I am getting an error (details follow) in the simplest of the possible test scenarios:
Two identical regular Dell PCs connected back-to-back via an ethernet switch on the 10/100 ethernet. Both run Fedora Core 4. Identical version (1.1) of Open MPI is compiled and installed on both of them *without* a --prefix option (
i.e. installed on the default location of /usr/local).
The hostfile on both the machine is the same:
I can run openMPI on either of these two machines by forking two processes:
mpirun -np2 osu_acc_latency <------ This runs fine on either of the two machines.
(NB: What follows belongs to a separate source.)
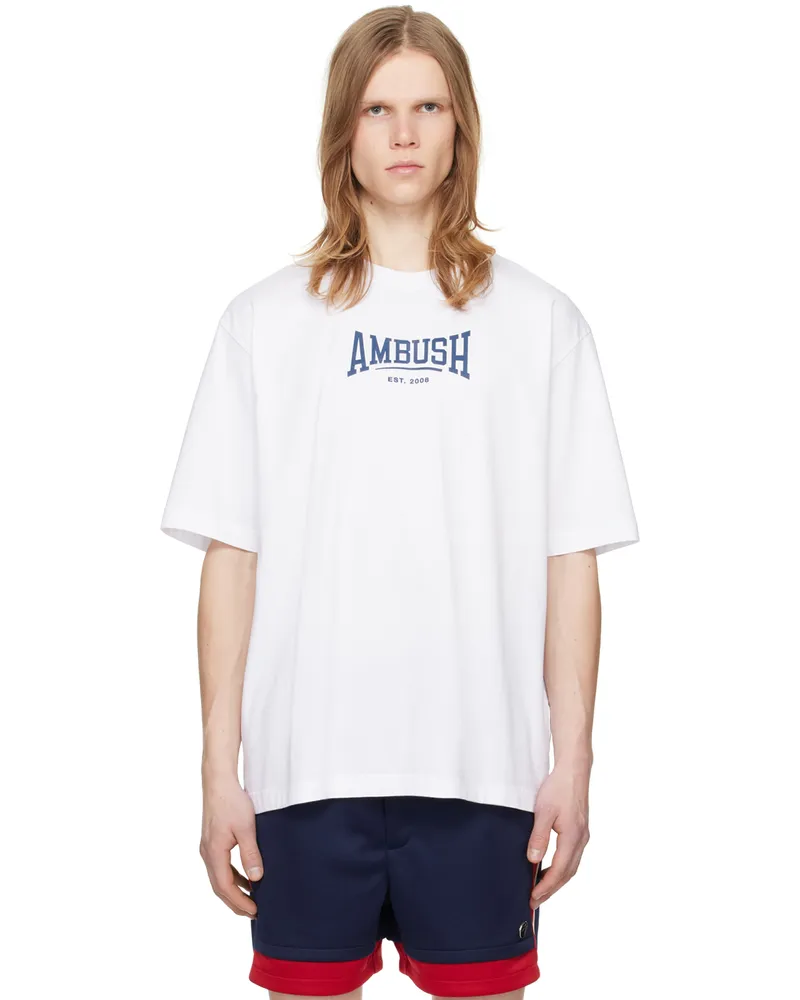 AMBUSH White Printed T-Shirt White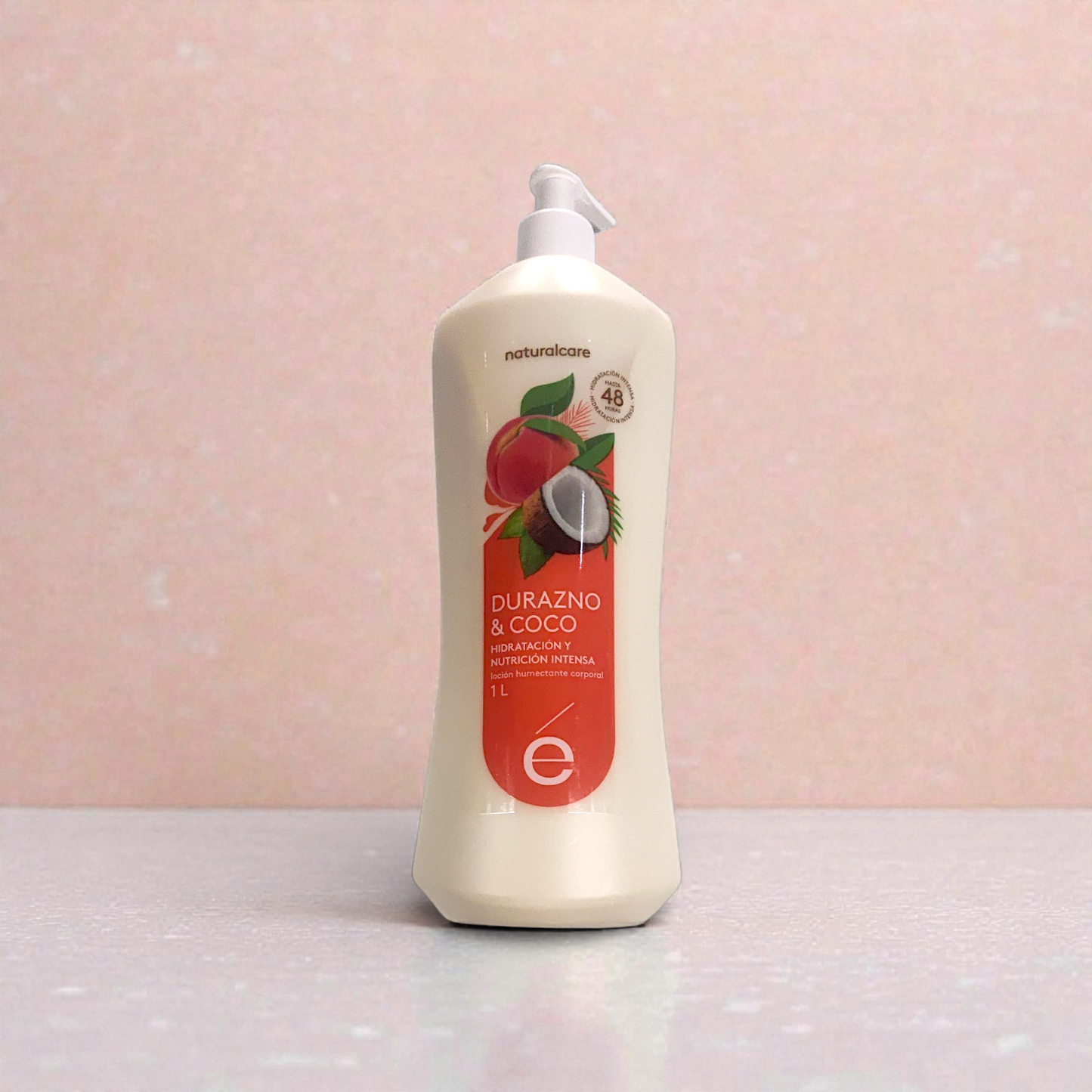 Crema hidratante corporal durazno y coco ESIKA NATURALCARE 1LT.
However, when I try to luch the same program across the two machines, I get an error:
mpirun --hostfile ~/hostfile -np2 /home/durga/openmpi-1.1/osu_benchmarks/osu_acc_latency
/home/durga/openmpi-1.1/osu_benchmarks/osu_acc_latency: error while loading shared libraries: libmpi.so.0: cannot open shared object file: No such file or directory.
However, the file *does exist* in /usr/local/lib:
ls -l /usr/local/lib/libmpi.so.0
libmpi.so.0 -> libmpi.so.0.0.0
I have also tried adding /usr/local/lib to my LD_LIBRARY_PATH on *both* machines, to no avail.